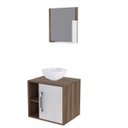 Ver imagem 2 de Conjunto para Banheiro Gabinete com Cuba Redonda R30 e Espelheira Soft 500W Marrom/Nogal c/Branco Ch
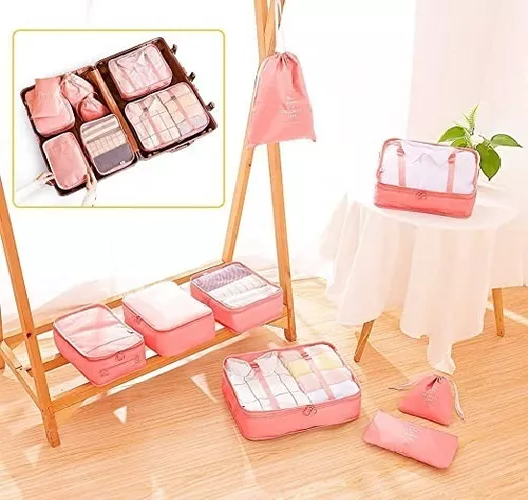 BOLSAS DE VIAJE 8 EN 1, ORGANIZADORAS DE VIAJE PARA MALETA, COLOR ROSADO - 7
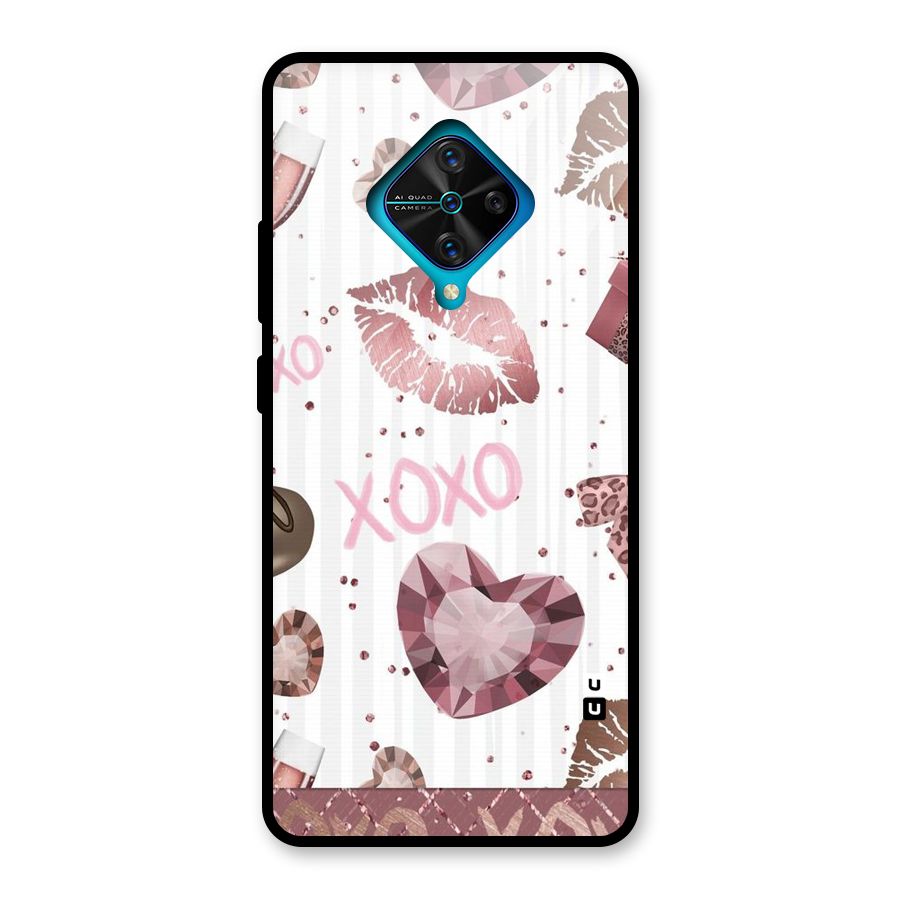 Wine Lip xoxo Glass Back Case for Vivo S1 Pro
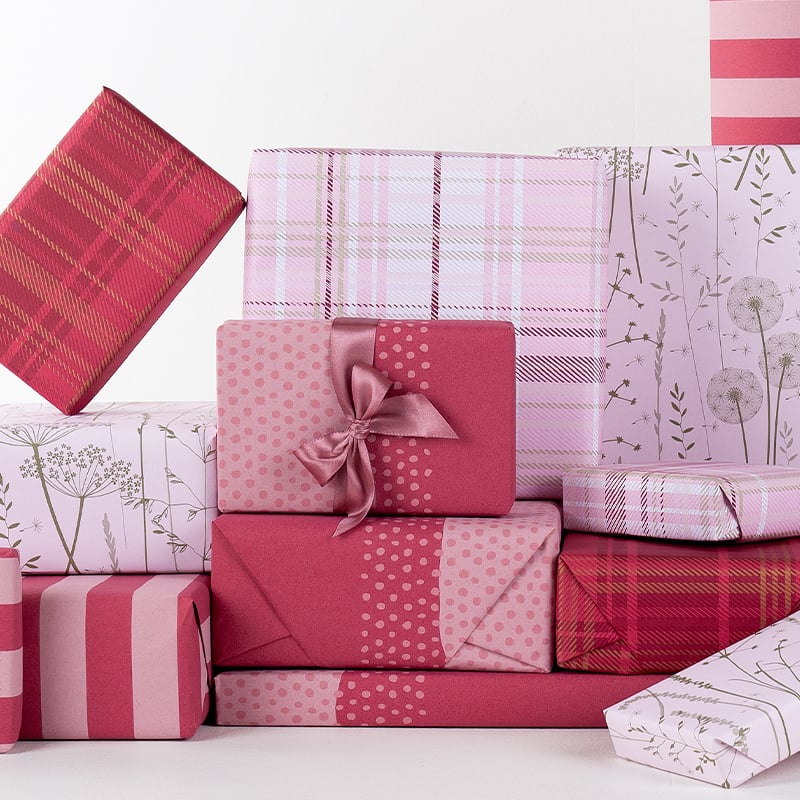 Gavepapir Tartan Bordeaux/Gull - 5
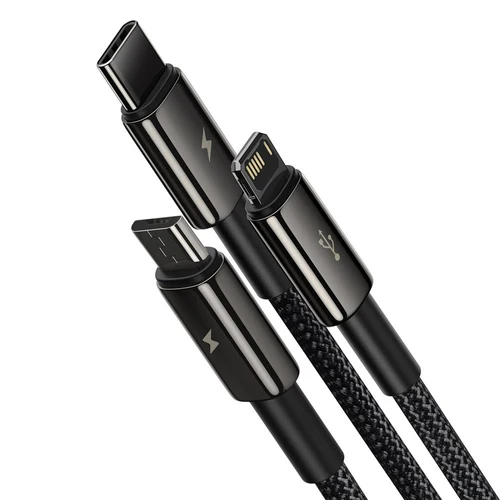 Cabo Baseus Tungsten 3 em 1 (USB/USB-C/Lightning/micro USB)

...

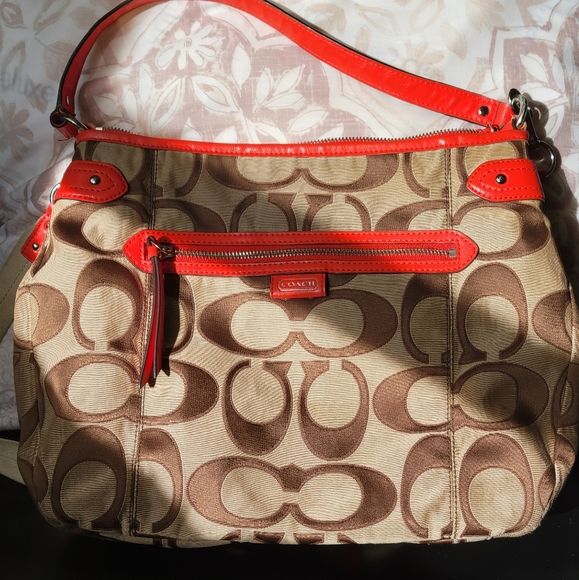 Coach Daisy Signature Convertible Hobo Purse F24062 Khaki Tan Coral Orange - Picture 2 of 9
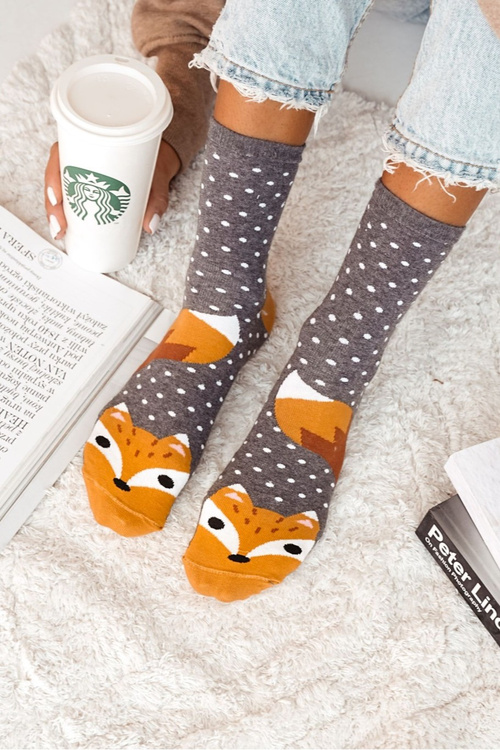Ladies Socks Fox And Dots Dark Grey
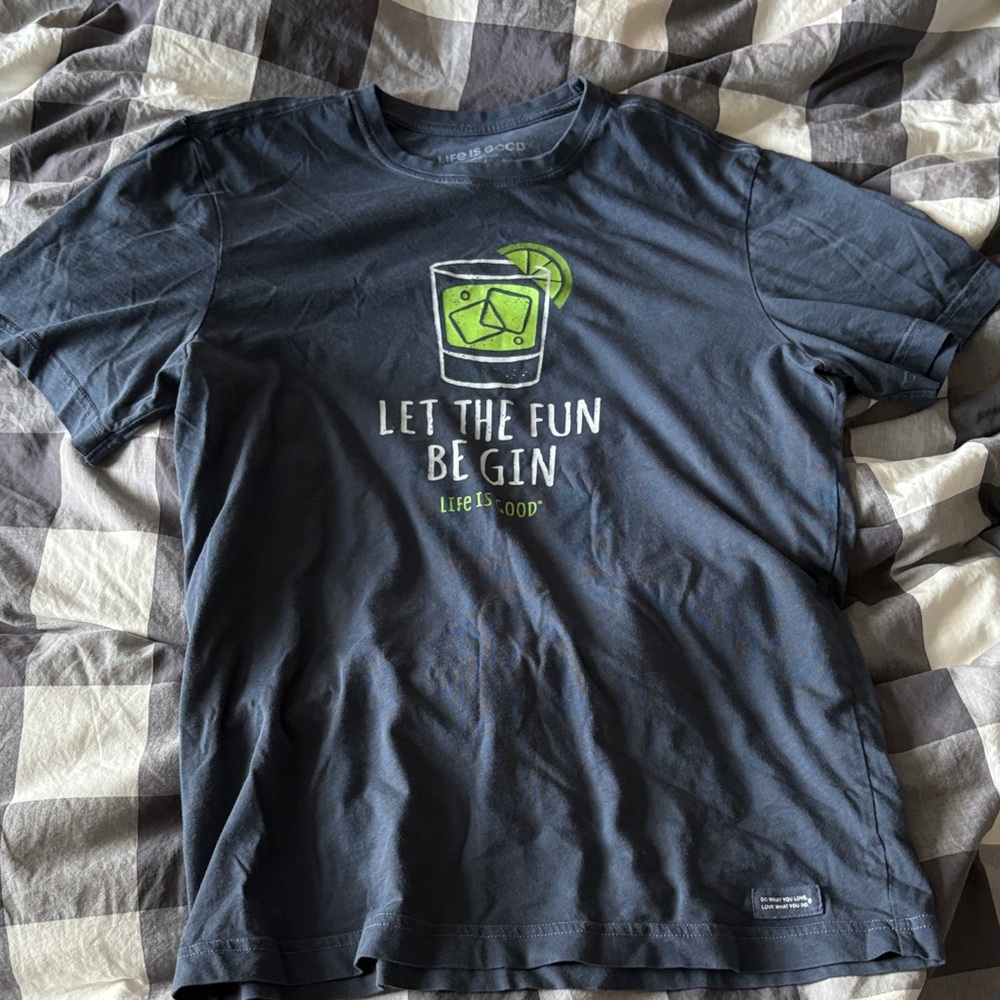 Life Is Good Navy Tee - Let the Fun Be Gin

==

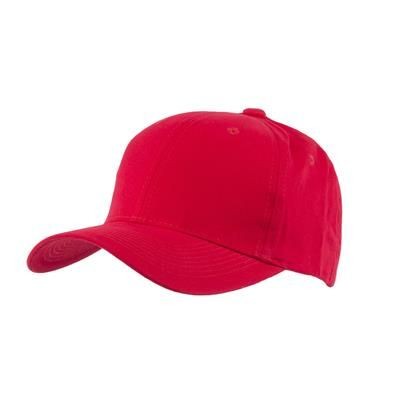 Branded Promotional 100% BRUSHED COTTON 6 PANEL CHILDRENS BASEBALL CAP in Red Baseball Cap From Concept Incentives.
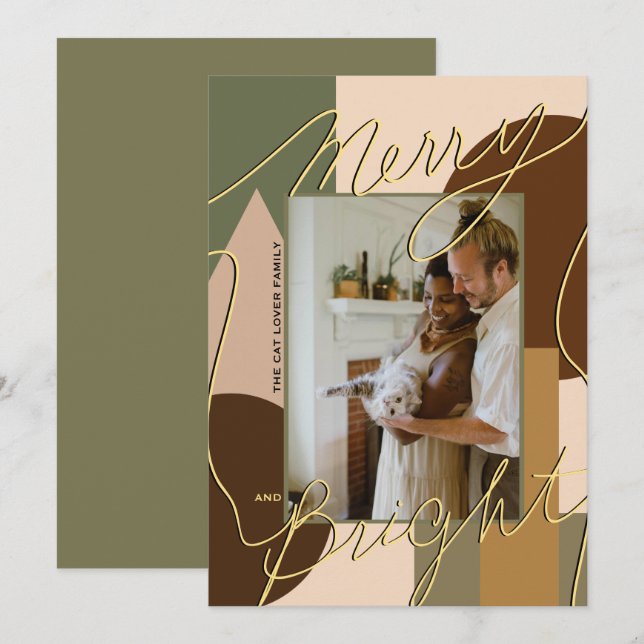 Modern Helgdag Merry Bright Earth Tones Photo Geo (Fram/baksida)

§ **WHAT THE TASK ASKS**
If a picture sits between the line containing "Branded Promotional 100%" and the line containing "Modern Helgdag Merry", leave it out, and return the lines of that range above exactly, both ends included.

§ **ANSWER TO THIS PROBLEM**
 Branded Promotional 100% BRUSHED COTTON 6 PANEL CHILDRENS BASEBALL CAP in Red Baseball Cap From Concept Incentives.
 Modern Helgdag Merry Bright Earth Tones Photo Geo (Fram/baksida)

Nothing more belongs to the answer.